К такой уловке граф Игнатьев стал прибегать ещё во времена своей работы военным агентом в Лондоне. Как-то получив письмо из Петербурга со следами вскрытия, он попросил экстренную встречу с главой Форин Оффис и стал упрекать британские спецслужбы в недозволенных приёмах. Министр иностранных дел Англии под «честное слово» стал отрицать причастность местных перлюстраторов к вскрытию письма Игнатьева, но русский военный агент припёр его неопровержимыми доказательствами к стенке и уличил его во лжи. Англичанину не оставалось ничего другого, как сказать:
— А что же я, по вашему мнению, должен был вам сказать? Неужели вы полагаете, что нам не интересно знать, что вам пишет ваш министр и что вы ему доносите про нас?

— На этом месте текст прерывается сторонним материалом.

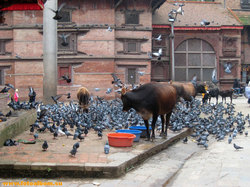 Непал, Катманду - фото 10177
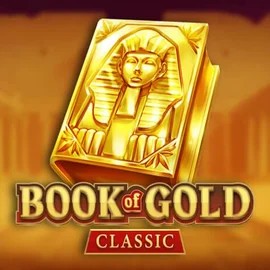 game logo by Playson on slotoroo.org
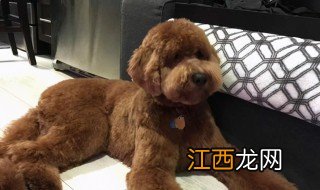 巨贵犬怎么养 巨贵犬怎么养才养得大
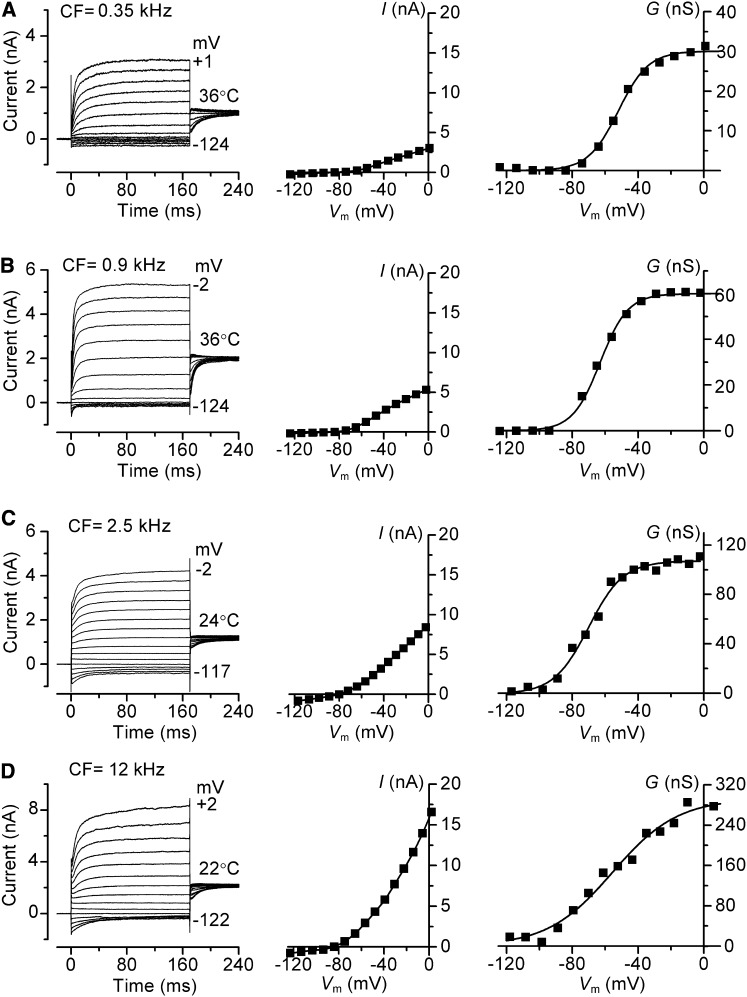 Figure 5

Довольно странным человеком был посол в Англии барон Филипп Иванович Бруннов, который вместе с графом А. Ф. Орловым, шефом корпуса жандармов, является автором известного Парижского соглашения, подведшего итоги Крымской войны 1853–1856 годов. Барон, как пишет В. С. Пикуль, «обессмертил» своё имя тем, что во время придворных празднеств скрыл от всех кончину своей жены, а чтобы труп не разлагался, он целую неделю обкладывал его льдом, который сам и заготовлял. Этот помешавшийся на дипломатии человек никак не хотел омрачать торжества смертью своей дражайшей супруги.
Необыкновенное путешествие по Франции 1830 года совершил николаевский дипломат Фёдор Андреевич, он же Готгильф Теодор Фабер (1768–1847)[144]. В 1825 году он попросил Нессельроде прикомандировать его к Парижскому посольству, которым тогда — с 1814 по 1834 год — управлял граф Поццо-ди-Борго (1764–1842). Фабер оказался очень полезным сотрудником графа, потому что, не объявляя себя русским дипломатом, он свободно разъезжал по стране как француз и собирал необходимые сведения из бесед со своими бывшими соотечественниками. «Я проехал Францию из конца в конец, — писал Фёдор Степанович, — и у меня ни разу не спросили паспорт; жандармы приближались ко мне исключительно ради того, чтобы засвидетельствовать своё почтение». Практически, Фабер исполнил роль разведчика-нелегала. Результатом «нелегальных» поездок по стране стала содержательная и глубокая по своим наблюдениям записка, в которой посол отобразил все политические, военные и социальные приметы французского общества накануне революции 1830 года.